Madagascar Essay, Research Paper
Madagascar, formally called the Malagasy Republic, is an island nation in the Indian Ocean. It is located about 250 miles across the Mozambique Channel from the southeastern coast of Africa. About the same size as Texas, Madagascar is the fourth- largest island in the world, including its five small offshore island territories. Antananarivo is the capitol and principal city of Madagascar. The basic racial type of the people is Malayo-Polynesian. The Malagasy are divided into 18 different ethnic groups. The largest is the Merina. About 98% of the population are Malagasy, but there are small minorities from the nearby Comoros, as well as some French, Indians, and Chinese (4). Like the people, the Malagasy language is of Malayo-Polynesian origin. It has also borrowed from the Bantu languages of southern Africa and from Arabic and French. Both Malagasy and French are official languages. Madagascar is 51% Christian, 47% African religions, and 2% Islam (4). Madagascar is a heterogeneous nation, due to the number of religions and ethnic groups.
It is believed that Madagascar was inhabited about the 1st century AD, when the Indonesian seafarers arrived. By the 7th century, Arabs established trading posts in coastal areas (2). The French arrived in 1643 and established a trading post at Fort Dauphin. During the late 16th century, the Merina kingdom was founded, with it’s capitol at Antananarivo. Britain gave its interests to France in 1890, and Madagascar became a French colony. During this time, Madagascar benefitted from the colonial experience because it was influenced by these countries.

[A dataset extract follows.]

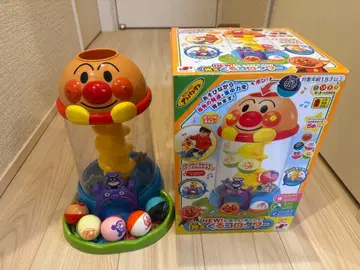 호빵맨 NEW! 쥐고 떨어뜨리고! 빛나는 굴러라 타워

During World War II, however, a series of events occurred, and leadership changed hands many times. After the war, Madagascar was turned over to the Free French in 1943. In 1947, there was a revolt against the French, and an estimated 11,000 to 80,000 were killed (3). Then, in 1960, the Malagasy Republic became independent from France on June 26. Philibert Tsiranana became the president. Army officers seized the power in 1972 and General Gabriel Ranamantsoa became the new president. In 1975, Didier Ratsiraka became president and a new constitution changed the name of the country from Malagasy Republic to Democratic Republic of Madagascar (4). As demands for Ratsiraka’s resignation increased, the resistance formed a rival government headed by prime minister Albert Zafy in 1991. A multiparty constitution was introduced, and was approved by voters in August 1992. Zafy defeated Ratsiraka in the presidential election of 1993. Zafy was forced to resign in September 1996, and prime minister Norbert Ratsirahoana became president as well as prime minister. France and Madagascar have a decent relationship after all the switching hands of power. This off-shore island has had many difficulties in getting to where it is now, and there will surely be more. In time, Madagascar might become an independent nation, separate from bad leaders and corrupt political systems.